Club

Thorns FC's Lindsey Horan continues to step up when it matters most

Lindsay Horan, Thorns vs Orlando, 04.15.18

PORTLAND, Ore. – Two weeks, time with her national team, and a week spent recovering from a calf injury couldn’t derail the Lindsey Horan we last saw in Chicago.


Then, against the Red Stars, her early goal and second half pressure that forced a penalty ignited Portland Thorns FC to their first victory of the season. On Sunday, Horan was at the same level, equalizing the Orlando Pride’s opening goal before setting up her team’s game-winner.


For the third time this year, Horan was among the best players on the field. And for the third time this year, the Thorns star gave every indication she’s ready to take her game to yet another level, leading the Portland Thorns to a 2-1 victory in their first home match of the season.


“The last two years, when we’re really under pressure,” Horan has stepped up, Thorns head coach Mark Parsons said. That ability to raise her game puts her in some elite company, in Parsons’ view.


“[Christine Sinclair] does it every game,” he explained, “but Linds has really stepped up when we really need it, and what she’s doing now, she’s stepping up every single game. Today, she was very influential before they scored, and then she just continued being influential in [after Orlando first goal].”


Something did change, though, after the first goal. You could see it when the Thorns kicked off, as Orlando fell back, with Horan immediately surging into the vacated space. Instead of playing one of her signature switches wide, Horan, for a moment, seemed willing to carry the team on her shoulders.


“[Orlando’s goal] definitely fired me up, and being involved in her goal was a little frustrating for me,” Horan said, being slightly hard on herself. Her back was to the field as a quick start out from Portland’s penalty area was played to her feet. Pride midfielder Christine Nairn came from behind to win possession and found Chioma Ubogagu in the left of Portland’s penalty box. Ubogagu’s left-footed finish gave Orlando it’s only goal.

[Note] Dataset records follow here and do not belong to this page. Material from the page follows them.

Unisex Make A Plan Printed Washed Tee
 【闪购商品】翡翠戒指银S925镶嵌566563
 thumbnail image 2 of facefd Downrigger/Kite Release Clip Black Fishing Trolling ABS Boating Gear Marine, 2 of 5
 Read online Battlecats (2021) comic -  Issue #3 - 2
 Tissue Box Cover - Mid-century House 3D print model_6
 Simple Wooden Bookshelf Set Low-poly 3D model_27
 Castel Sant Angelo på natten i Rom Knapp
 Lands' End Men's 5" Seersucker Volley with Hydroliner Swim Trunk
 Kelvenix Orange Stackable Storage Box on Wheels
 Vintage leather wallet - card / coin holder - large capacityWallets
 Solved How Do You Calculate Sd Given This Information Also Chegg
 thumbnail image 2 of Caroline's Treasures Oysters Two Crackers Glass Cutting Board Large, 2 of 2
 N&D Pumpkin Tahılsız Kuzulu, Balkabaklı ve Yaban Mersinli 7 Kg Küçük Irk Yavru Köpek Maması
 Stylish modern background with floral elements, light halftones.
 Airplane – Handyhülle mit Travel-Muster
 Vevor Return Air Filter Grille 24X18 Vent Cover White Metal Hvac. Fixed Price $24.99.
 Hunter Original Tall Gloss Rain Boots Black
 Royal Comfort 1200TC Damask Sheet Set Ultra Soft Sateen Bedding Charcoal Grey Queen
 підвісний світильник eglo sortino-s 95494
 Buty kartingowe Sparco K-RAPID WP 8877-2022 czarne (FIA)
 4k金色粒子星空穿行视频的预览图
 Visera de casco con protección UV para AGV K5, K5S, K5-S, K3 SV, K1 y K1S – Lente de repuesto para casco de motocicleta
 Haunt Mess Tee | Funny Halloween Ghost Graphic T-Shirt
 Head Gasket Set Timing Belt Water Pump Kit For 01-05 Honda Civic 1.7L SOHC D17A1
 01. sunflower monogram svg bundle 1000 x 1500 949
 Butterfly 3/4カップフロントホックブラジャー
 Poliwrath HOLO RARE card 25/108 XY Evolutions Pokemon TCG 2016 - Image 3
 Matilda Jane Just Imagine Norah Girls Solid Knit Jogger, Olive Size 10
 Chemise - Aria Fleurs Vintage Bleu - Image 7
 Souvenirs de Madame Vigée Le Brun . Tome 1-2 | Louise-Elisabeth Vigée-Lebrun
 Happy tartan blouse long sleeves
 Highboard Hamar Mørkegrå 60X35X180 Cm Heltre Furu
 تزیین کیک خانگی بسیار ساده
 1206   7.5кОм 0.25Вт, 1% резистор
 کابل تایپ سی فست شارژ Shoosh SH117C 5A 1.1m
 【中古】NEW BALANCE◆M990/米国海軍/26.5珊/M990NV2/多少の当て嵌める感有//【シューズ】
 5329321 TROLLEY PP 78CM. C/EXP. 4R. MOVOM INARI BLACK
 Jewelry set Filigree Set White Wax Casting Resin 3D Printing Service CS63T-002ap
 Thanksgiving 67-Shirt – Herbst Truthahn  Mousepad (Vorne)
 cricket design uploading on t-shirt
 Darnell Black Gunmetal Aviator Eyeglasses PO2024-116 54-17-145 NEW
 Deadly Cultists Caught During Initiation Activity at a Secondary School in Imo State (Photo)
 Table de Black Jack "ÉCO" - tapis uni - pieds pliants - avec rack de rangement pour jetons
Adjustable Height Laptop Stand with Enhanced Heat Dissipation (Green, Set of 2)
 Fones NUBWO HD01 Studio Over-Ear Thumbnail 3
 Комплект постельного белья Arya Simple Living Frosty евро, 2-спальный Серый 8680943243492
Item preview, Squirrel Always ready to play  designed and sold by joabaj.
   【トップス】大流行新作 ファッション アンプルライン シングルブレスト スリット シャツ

 “I think our whole team came out of that, and we were not going to let them win,” she said. “We wanted to do it for our fans, so we changed momentum and really got going.”


Horan was the main force behind that change. Eight minutes after Ubogagu’s goal, Horan found herself on the ball just above Orlando’s arc, and although the term “unstoppable shot” may be one of the most overused in soccer, Horan gave Pride goalkeeper Ashlyn Harris no shot. With a quick release on a left-footed try from 23 yards out, Horan put her shot against the inside of the right upright, scoring an equalizer that seemed destined from the moment Portland kicked off.


Whatever satisfaction Horan derived from her goal, it didn’t diminish her hunger. The Thorns midfielder continued to be the game’s dominant force, helping her team take the lead when her overlapping run to the left flank put her in position for a Meghan Klingenberg layoff. The ensuing cross fell at Sinclair’s feet just inside the six-yard box, giving the Thorns’ captain an easy finish and, like her teammate, a goal and an assist going into halftime.


By intermission, Horan had given the NWSL another glimpse of an emerging star, a description that seems misused, given the heights she’d achieved before this season. But through three games of the 2018 campaign, there is a new, undeniable dominance to Horan’s play. The Thorns’ midfielder is on the cusp of something greater than she was, even if she sees her game in more modest tones.


“It is my position to get on the ball as much as I can,” she said, describing her game’s arc. “I just try to find the game as much as I can. I really wanted to get the team going and get the ball moving, and play our game, which is moving the ball.”


If Lindsey Horan’s game were only about moving the ball, she would still be one of the NWSL’s better players. She does so like no other player in the league, switching play with a touch and accuracy we see from few players in the world. If she were only a holding player, she may be the best holding player in the NWSL.


But her game is about so much more than moving the ball. For the second game in a row, she produced a crucial, first goal; and for the second game in a row, she was key in setting up a game winner.


Together, her last two performances are a reminder: Lindsey Horan not only continues to be good; she continues to be good when it matters most.